Aubrey Plaza’s latest project, Ingrid Goes West, a comedy-drama directed by Matt Spicer, hit theaters Aug. 11 to relatively mixed reviews. The film premiered at Sundance Film Festival in January where Neon acquired the distribution rights to the film.
The story begins when “Ingrid Thorburn” (Plaza) attacks a bride at her wedding in what is clearly a mental breakdown. In a quick expository montage, we see Ingrid go to a mental institution, recover, live at home alone, spend ample time on social media, and then learn that she has inherited a large sum of money from her recently deceased mother.
Then Ingrid goes west! In a desperate need to make a human connection, Ingrid packs up her things, cashes her check and heads to Los Angeles searching for a new life and a new friend, “Taylor Sloane” (Elizabeth Olsen). Ingrid deeply envies Taylor’s glamorous lifestyle as she displays it on Instagram. The rest of the movie follows the girls’ complicated friendship.
Overall, the cast delivers as best they can for the roles they were given. Plaza proves herself as a champion crier, and Olsen demonstrates a cold side she rarely taps into on screen. O’Shea Jackson Jr., who plays an aspiring screenwriter named “Dan,” gives the most charming performance of the ensemble.

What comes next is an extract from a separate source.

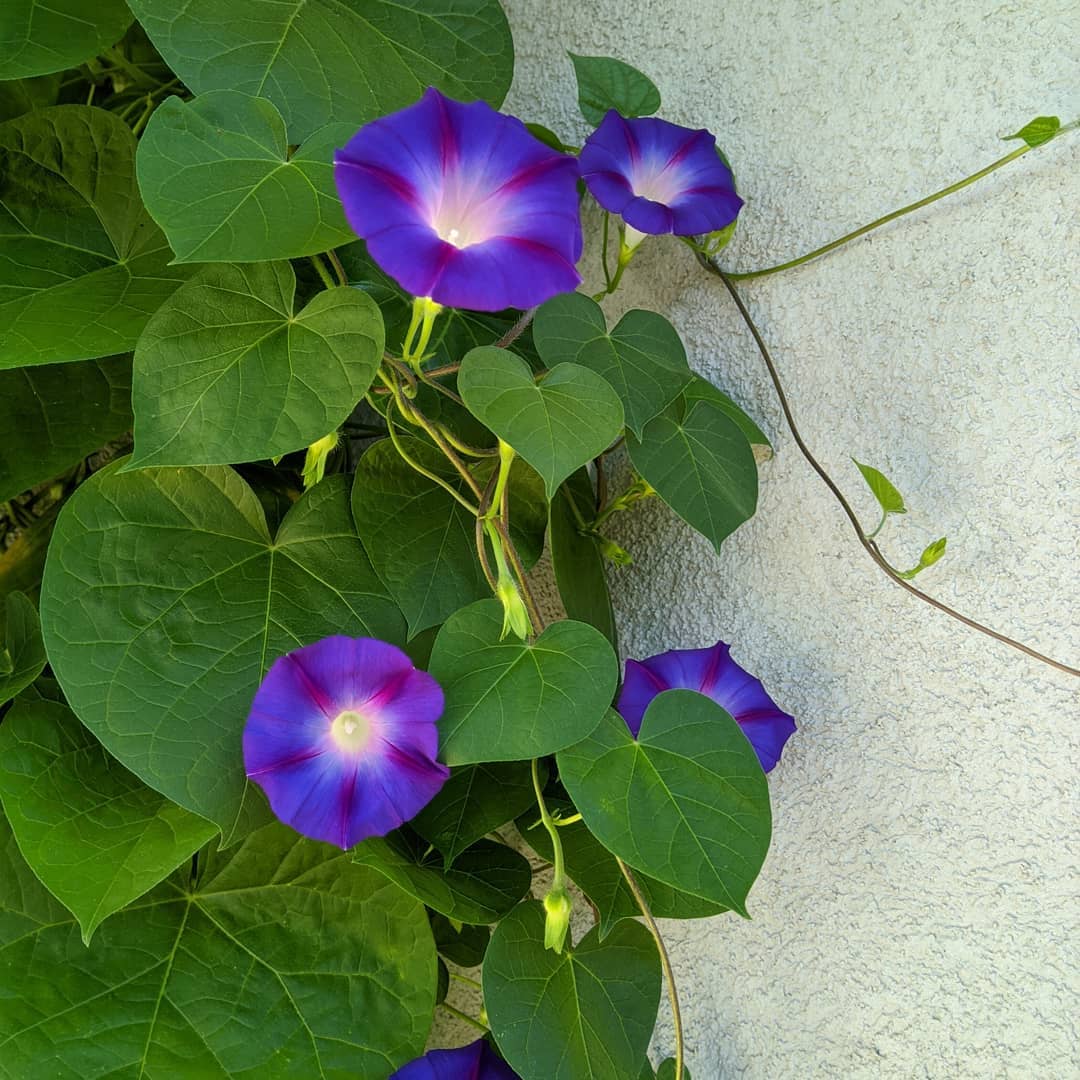 Blue Star Morning Glory Blumensamen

Despite the funny performances and laughable moments in the first act, the movie, as a whole, fails to hold onto any central message or inkling of positivity. Stories do not exist to deliver good feelings or positive messages to the world, but the first half of the movie sets up a classic underdog story only to let the audience down with a finale too vague and cynical to decipher.
Ingrid Goes West might make you laugh, but your life will not be changed.